-------- Data excerpt --------

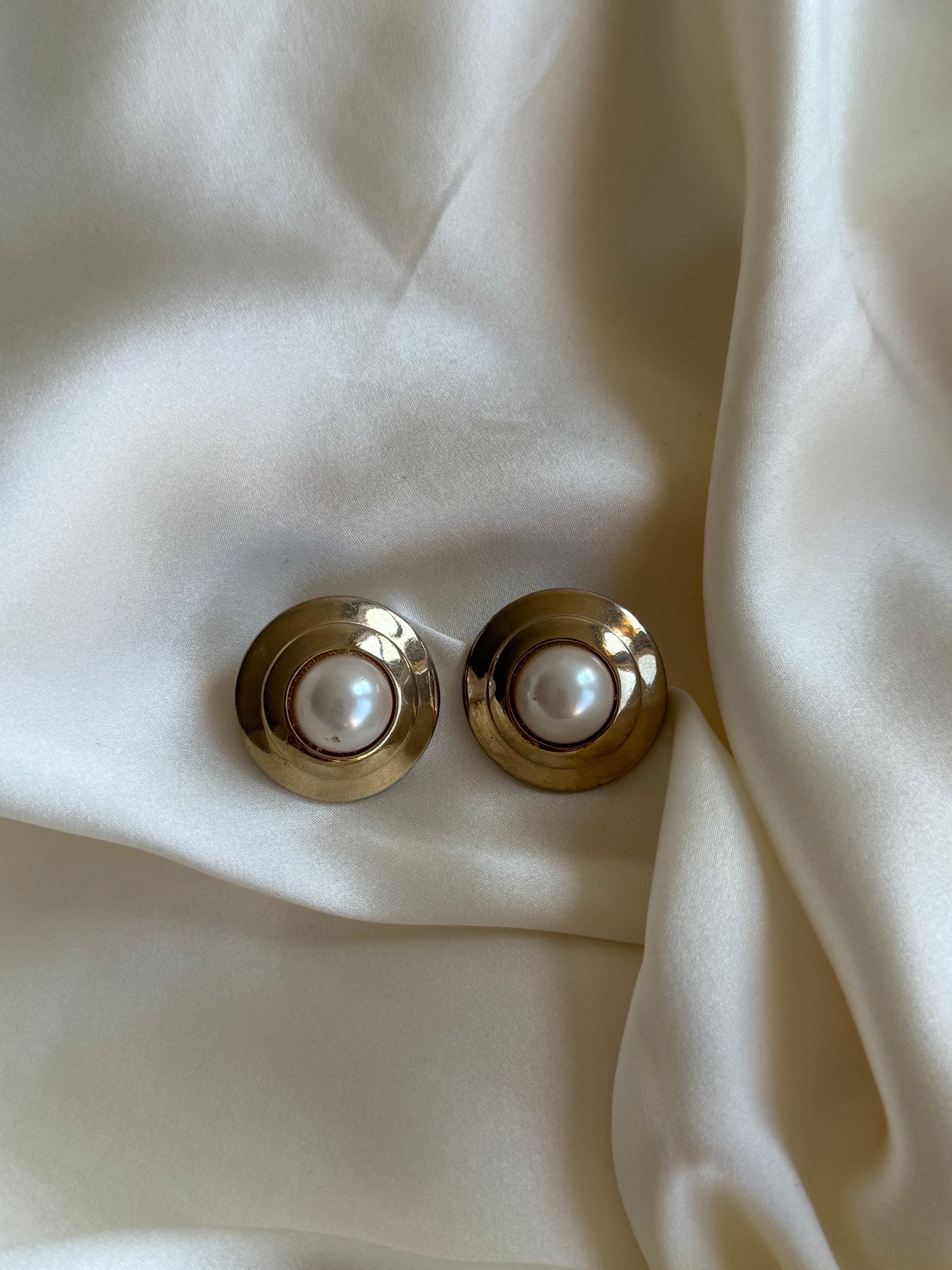 Vintage Stud Earrings – Pearl Look & Gold-Tone Finish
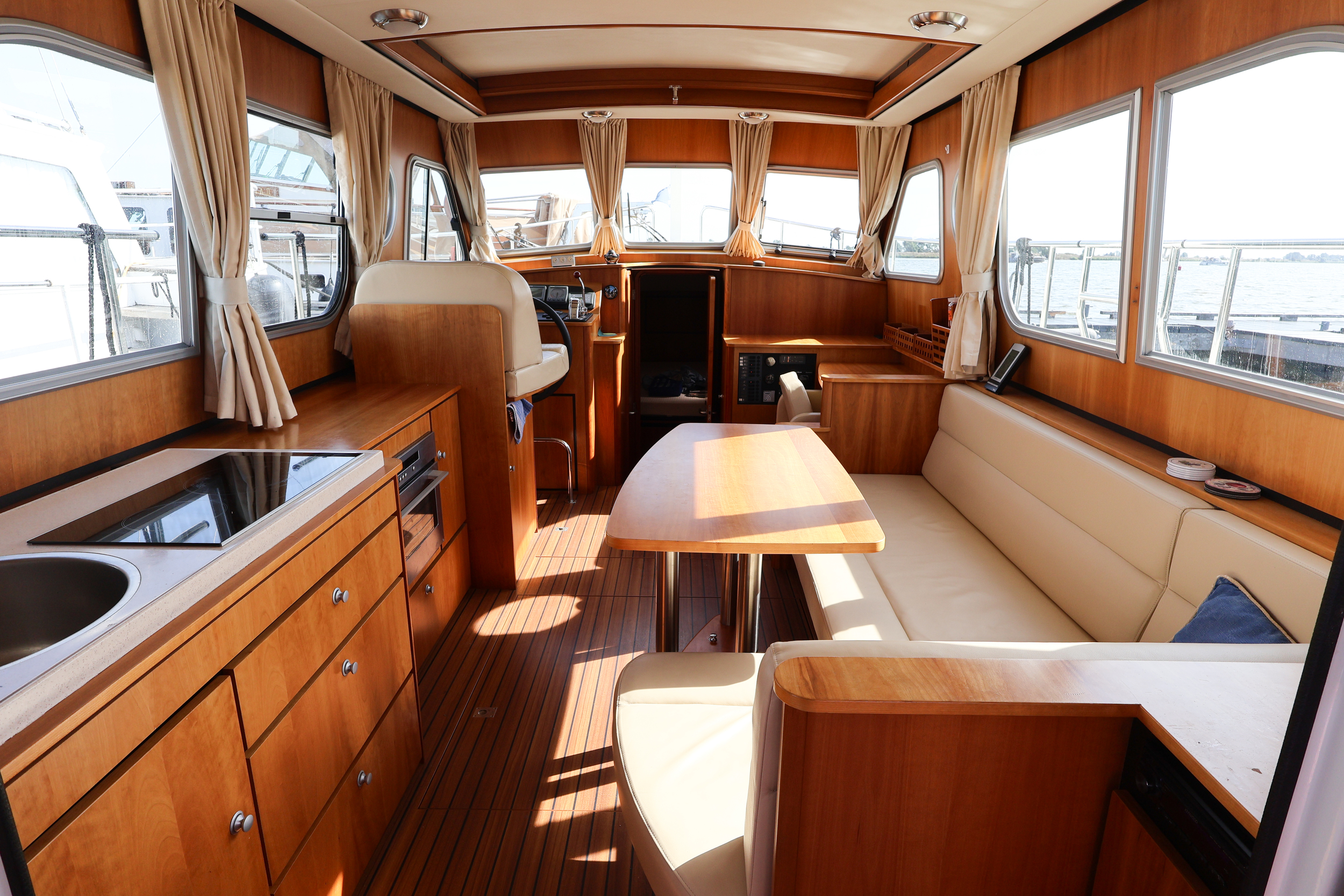 Linssen Grand Sturdy 34.9 Sedan — foto 17 van 42
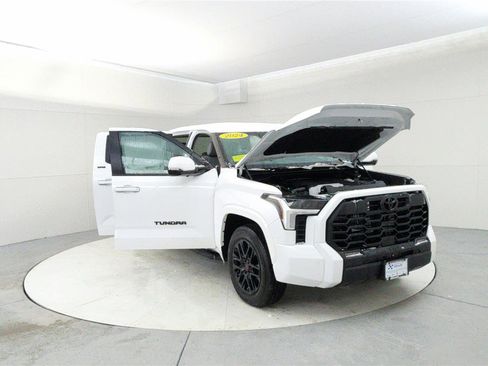 Used 2024 Toyota Tundra SR5 image 9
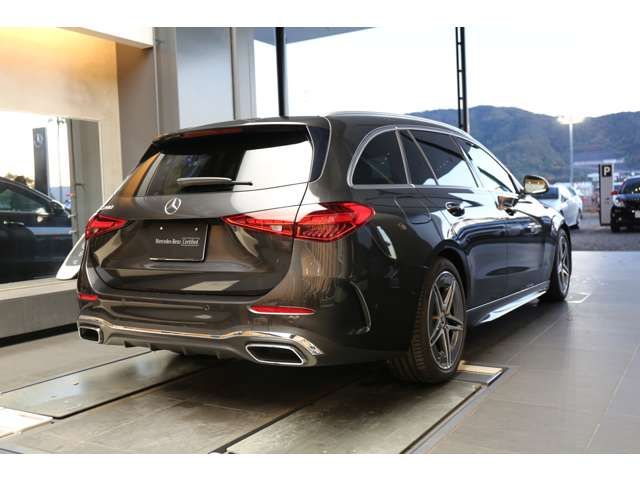 MERCEDES BENZ C CLAS 2024 Image 31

--------

__About this task__
Return the listing above word for word. Keep the images out.

__Answer__
 Vintage Stud Earrings – Pearl Look & Gold-Tone Finish
 Linssen Grand Sturdy 34.9 Sedan — foto 17 van 42
 Used 2024 Toyota Tundra SR5 image 9
 MERCEDES BENZ C CLAS 2024 Image 31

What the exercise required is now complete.